= Kings of the Water =

2009 novel by Mark Behr

First edition (publ. Abacus Books)

Kings of the Water is the third novel from writer Mark Behr, published in November 2009.

==Plot summary==
It is the story of thirty-five-year-old Michiel (Michael) Steyn who returns to the family farm in South Africa for his mother's funeral. This is Steyn's first return to South Africa in fifteen years, after leaving in 1987 to escape from a scandal he was involved in while he was an officer in the South African navy. Steyn is from both Afrikaans and English extraction and is now a US citizen. He lives with his partner Kamil Cassis (who is half Palestinian, half Jewish) on the boundary of San Francisco's Castro district. The book engages specifically South African questions of racism, guilt, responsibility and the tentativeness of forgiveness, but the novel's ending asks for an international reading, in particular through its foreshadowing of US foreign and domestic policy in the era of George W. Bush.
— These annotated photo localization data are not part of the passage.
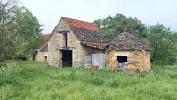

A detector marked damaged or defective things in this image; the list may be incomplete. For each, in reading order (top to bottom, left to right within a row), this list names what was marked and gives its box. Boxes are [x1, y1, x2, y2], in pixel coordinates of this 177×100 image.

damaged roof [61, 17, 108, 49]
damaged roof [108, 31, 150, 50]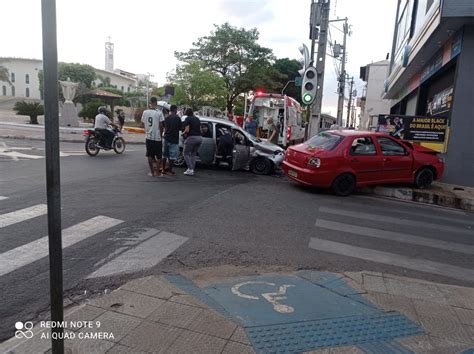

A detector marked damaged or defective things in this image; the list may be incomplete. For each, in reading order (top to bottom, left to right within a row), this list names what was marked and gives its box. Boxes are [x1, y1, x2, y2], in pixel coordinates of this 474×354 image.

red damaged car [282, 130, 444, 196]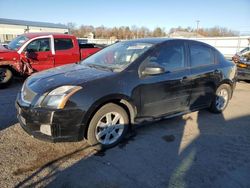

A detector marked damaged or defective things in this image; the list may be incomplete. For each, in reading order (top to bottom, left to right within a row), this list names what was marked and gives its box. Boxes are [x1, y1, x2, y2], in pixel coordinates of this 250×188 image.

Kings of the Water also offers a glimpse at an older version of a marginal character from Embrace as well as allusion to the extended fishing scene from The Smell of Apples, in this way seeming to insist that all three of these novels be read and understood in relation to one another.

==Criticism==
Kate Saunders in The Times (November 2009) reviewed it as follows: "Superbly written, thoughtful and unflinching, this terrific novel explores the mentality of the Afrikaner male — with wonderfully poetic use of the Afrikaans language." Novelist Christopher Hope, reviewing for The Guardian (January 2010), noted that the book shared the spirit of Chekhov's The Cherry Orchard and called the novel "one of the most moving to come out of South Africa in many years." Shortly after publication, Kings of the Water was shortlisted for The Commonwealth Book Award, Africa Region.